How to detect a cycle with DFS¶

Time complexity: \(O(|V| + |E|)\) since we do a DFS traversal on a graph represented w/ adjacency list Space complexity: \(O(|V|)\) to store the visited array Source: https://www.geeksforgeeks.org/detect-cycle-undirected-graph/

from collections import defaultdict
from typing import List

class Graph:
    def __init__(self, size: int):
        self.size = size
        self.graph = defaultdict(list)  # adj. list

    def add_edge(self, u, v):
        # It's important to add an edge both ways for an undirected graph
        self.graph[u].append(v)
        self.graph[v].append(u)

    def has_cycle(self):

        def dfs_has_cycle(v: int, visited: List[bool], parent: int) -> bool:

            visited[v] = True

            # recursively visit neighbors
            for w in self.graph[v]:
                if not visited[w]:
                    found_cycle = dfs_has_cycle(w, visited, v)
                    if found_cycle:
                        return True
                elif parent != w:
                    return True
            return False

        visited = [False for _ in range(self.size)]
        # start the check at every node since graph may be disconnected
        # set parent = -1
        for u in range(self.size):
            if not visited[u]:
                if dfs_has_cycle(u, visited, -1):
                    return True
        return False

g = Graph(5)
g.add_edge(1, 0)
g.add_edge(1, 2)
g.add_edge(2, 0)
g.add_edge(0, 3)
g.add_edge(3, 4)

if g.has_cycle():
    print("Graph contains cycle")
else:
    print("Graph does not contain cycle ")
g1 = Graph(3)
g1.add_edge(0,1)
g1.add_edge(1,2)


if g1.has_cycle():
    print("Graph contains cycle")
else:
    print("Graph does not contain cycle ")

Graph contains cycle
Graph does not contain cycle 

How to detect a cycle using Union-Find¶

Time complexity: \(O(|V|log(|V|))\) since the union and find operations take O(log|V|), since the whole tree may need to be traversed Space complexity: \(O(|V|)\) to hold the disjoint set Source: https://www.techiedelight.com/union-find-algorithm-cycle-detection-graph/

from collections import defaultdict
from typing import List

class DisjointSet:

    def __init__(self, size: int):
        # Initially the rank (height of tree) for each node is zero
        # since all nodes are separated
        self.rank = [0 for _ in range(size)]
        # Map the node (index) to its parent node.
        # Initially all nodes are separated, so the parent is itself
        self.parent = [i for i in range(size)]

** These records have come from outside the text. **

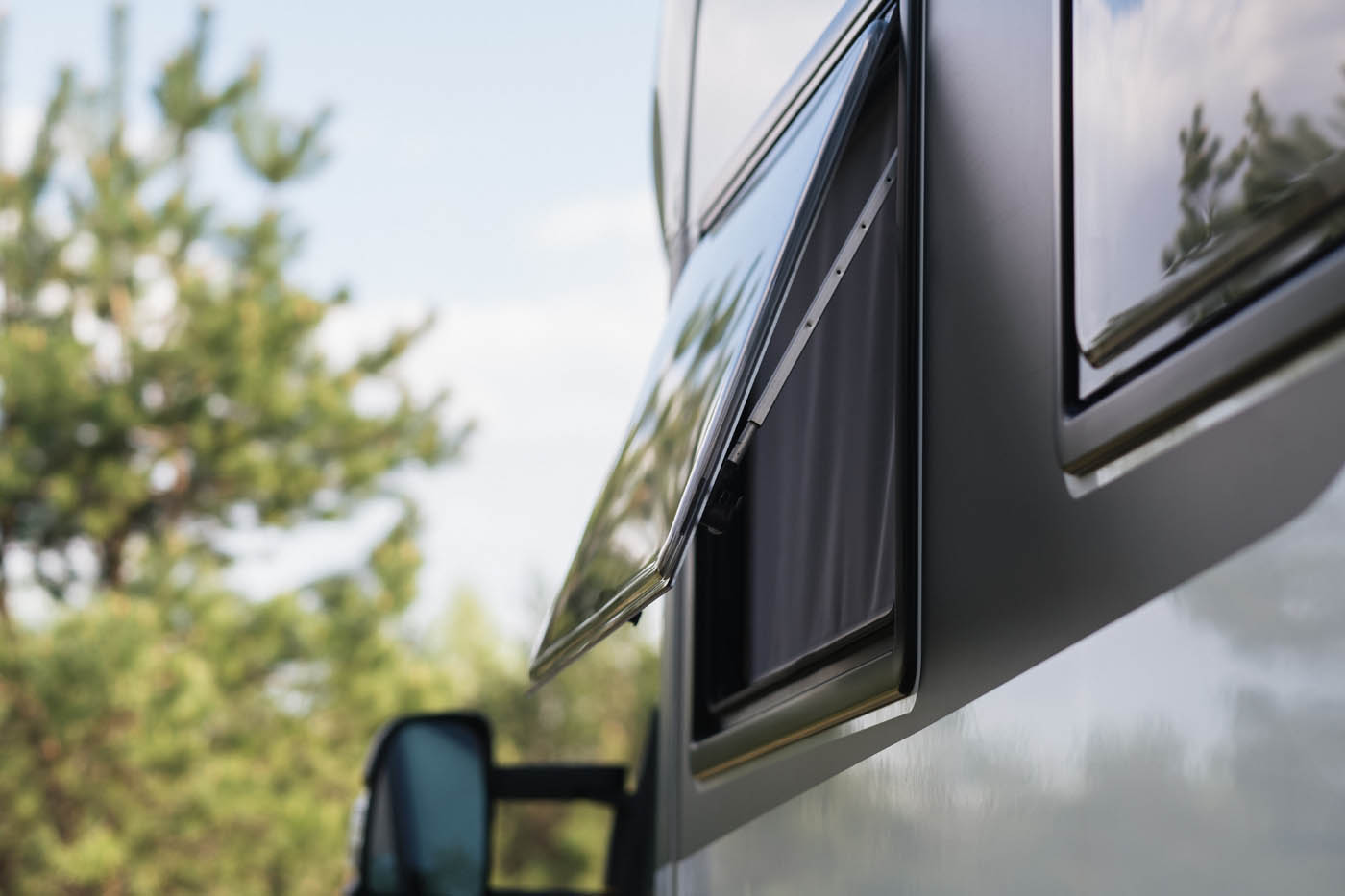 An open RV window airing out a freshly cleaned RV provided by Dapper Pros.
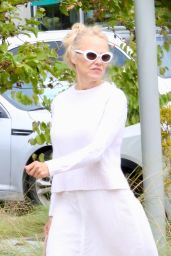 Pamela Anderson in a White Sweater Paired With a White Skirt and Matching White Frame Sunglasses - Malibu 07/09/2023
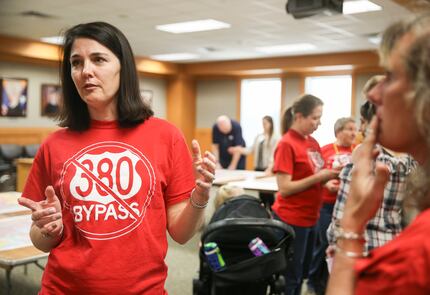 Tara Voigt, who opposes the U.S. 380 bypass, speaks during a Texas Department of...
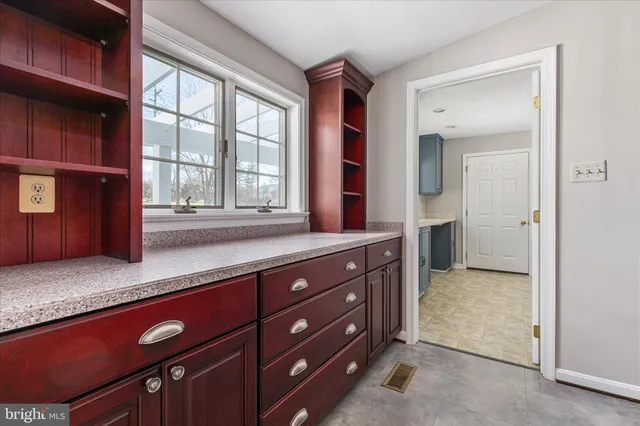 a front view of a house with a garden and trees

    def find(self, x: int) -> int:
        """
        Gets the root of x
        """
        if x != self.parent[x]:
            x = self.find(self.parent[x])
        return x

    def union(self, x: int, y: int):
        """
        Merges nodes x and y
        """
        root_x = self.find(x)
        root_y = self.find(y)
        if self.rank[root_x] > self.rank[root_y]:
            self.parent[root_y] = root_x
        else:
            self.parent[root_x] = root_y
            # make root_y have the higher rank if they are equal
            if self.rank[root_x] == self.rank[root_y]:
                self.rank[root_y] += 1
class Graph:
    def __init__(self, size: int):
        self.size = size
        self.graph = defaultdict(list)  # adj. list

    def add_edge(self, u, v):
        self.graph[u].append(v)

    def has_cycle(self):

        ds = DisjointSet(self.size)

        for u in self.graph:
            for v in self.graph[u]:
                root_u = ds.find(u)
                root_v = ds.find(v)
                if root_u == root_v:
                    return True
                ds.union(u, v)
        return False


g = Graph(5)
g.add_edge(1, 0)
g.add_edge(1, 2)
g.add_edge(2, 0)
g.add_edge(0, 3)
g.add_edge(3, 4)
if g.has_cycle():
    print("Graph contains cycle")
else:
    print("Graph does not contain cycle ")
g1 = Graph(3)
g1.add_edge(0,1)
g1.add_edge(1,2)

if g1.has_cycle():
    print("Graph contains cycle")
else:
    print("Graph does not contain cycle ")

Graph contains cycle
Graph does not contain cycle 

Topological Sorting with DFS¶

Topological sorting is a linear ordering of vertices such that for every directed edge (u,v), vertex u comes before v in the ordering. Topological sorting is not possible if the graph is not a directed acyclic graph (DAG). There can be more than one topological sorting for a single graph.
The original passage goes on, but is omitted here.